Another simplifying assumption is to assume the pension increases on all benefits accrued before 6 April 1997 are the increases disclosed on the Scheme Return issued by the Pensions Regulator. This allows a scheme to declare it has fixed pension increases, pension increases of a percentage of RPI, inflation subject to a cap, or an “other” definition of pension increases.

At the end of MFR transformation formulae in the levy consultation update there are tables showing how the MFR pension increase assumptions will be determined in certain cases. These tables are intended to give an indication of the approach that will be adopted, although they are not fully comprehensive. The Board does not currently intend to provide a fully comprehensive set of tables in view of the great variety of pension increases used by eligible pension schemes.

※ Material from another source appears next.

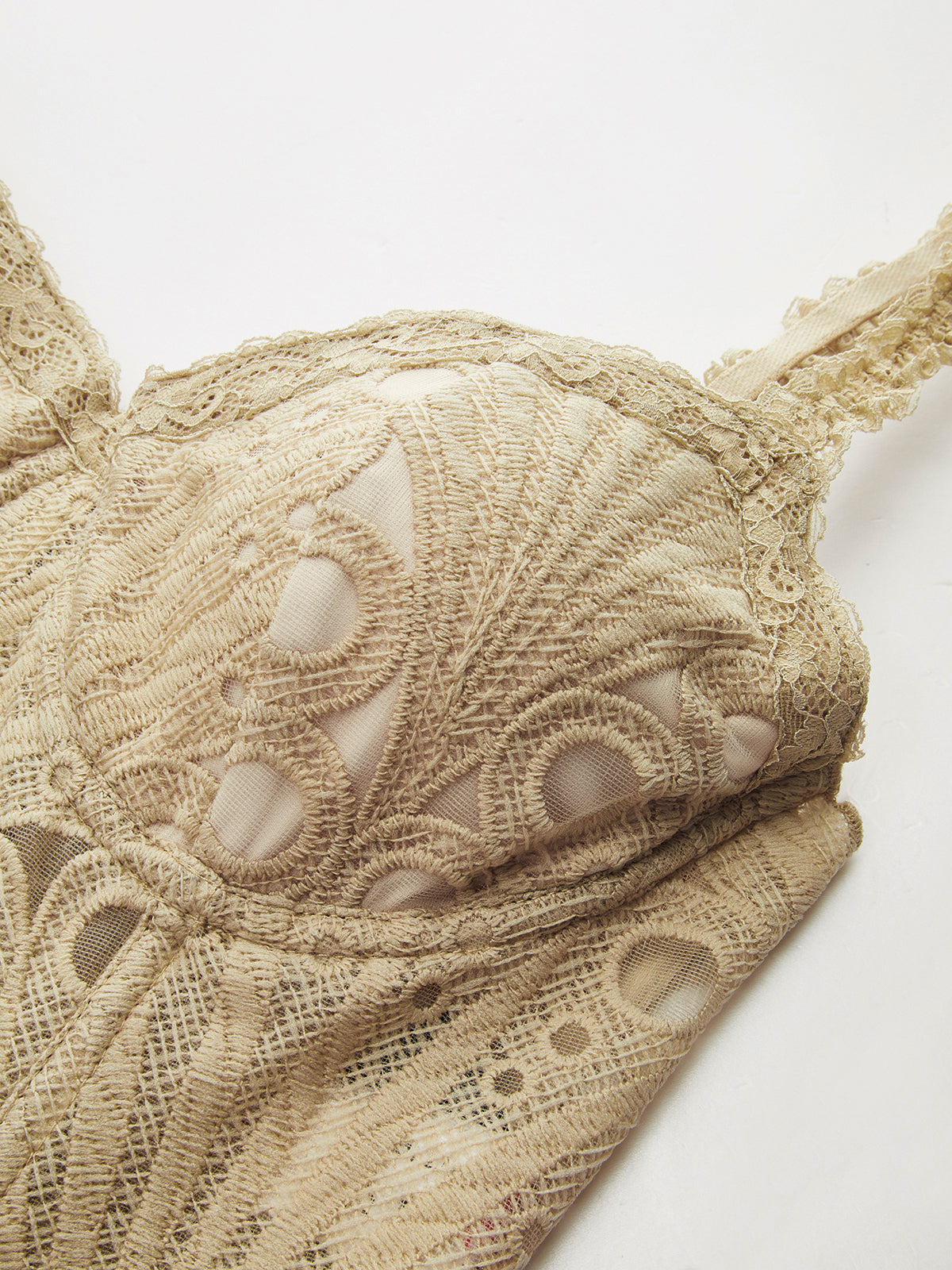Lace Frill Shaping Cropped Corset Top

The Board intends to adopt a prudent assumption for all schemes which have indicated “other” pension increases. The Board does not propose to publish information on the assumption used in this circumstance.  Assuming that they were shown as having “other” pension increases on the basis that the other categories on the scheme return do not directly reflect the benefit definition, schemes with pension increases of LPI subject to a minimum of 3% will have this assumption applied to them.

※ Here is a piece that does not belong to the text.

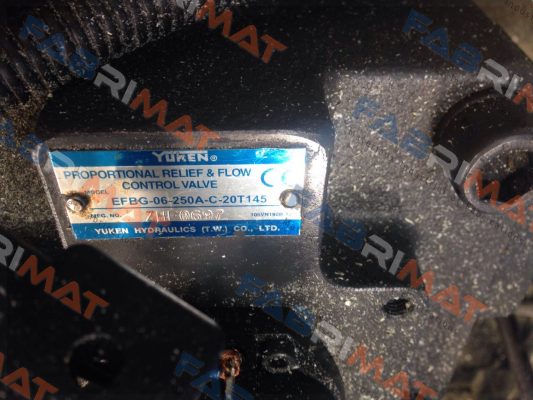 EFBG-06-250A-C-20T145 EC:8481 2010  Yuken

In section (a)(VI) of the methodology, the assumptions for defannuityfactor(MFRrate@MFRDate) in the formulae for S179PLEqEasePre97 and S179PLEqEasePost97 (these variables concerning the part of pensioner liabilities the MFR deems to be equity related, in accordance with the MFR equity easement) say to follow the guidance in GN27 Appendix 2 paragraph A. But the summary of factors for the MFR basis at the end of the methodology document say “for the ‘equity easement’ component use … 1.1 and 10%” which are from GN27 Appendix 2 paragraph B1. Should these two references in (a)(VI) be to GN27 Appendix 2 B1, and not A?
Yes.

In section (c)(I) of the methodology, annuityfactor2 and annuityfactor4 are said to be the same as two annuityfactors in (a)(VI). However (a)(VI) contains both “standard” annuities based on MFR or S179 mortality assumptions and annuity certains based on fixed terms if the equity easement applies to the scheme. Which annuityfactors should be used?
Refer to the “standard” annuities in (a)(VI) for calculating annuityfactors 2 and 4 in (c)(I), i.e. those using mortality assumptions and not the annuity certains.

The methodology also comments that because these annuities are the same they are not critical to the eventual result of the calculation. We acknowledge that although this comment applies where the equity easement is not allowed for (i.e. when M=0, see (a)(IV) for definition of M) because the numerator annuities in (a)(VI) cancel out with those in the denominators in (c)(I), the annuities do not cancel out if the equity easement is allowed for (when M>0).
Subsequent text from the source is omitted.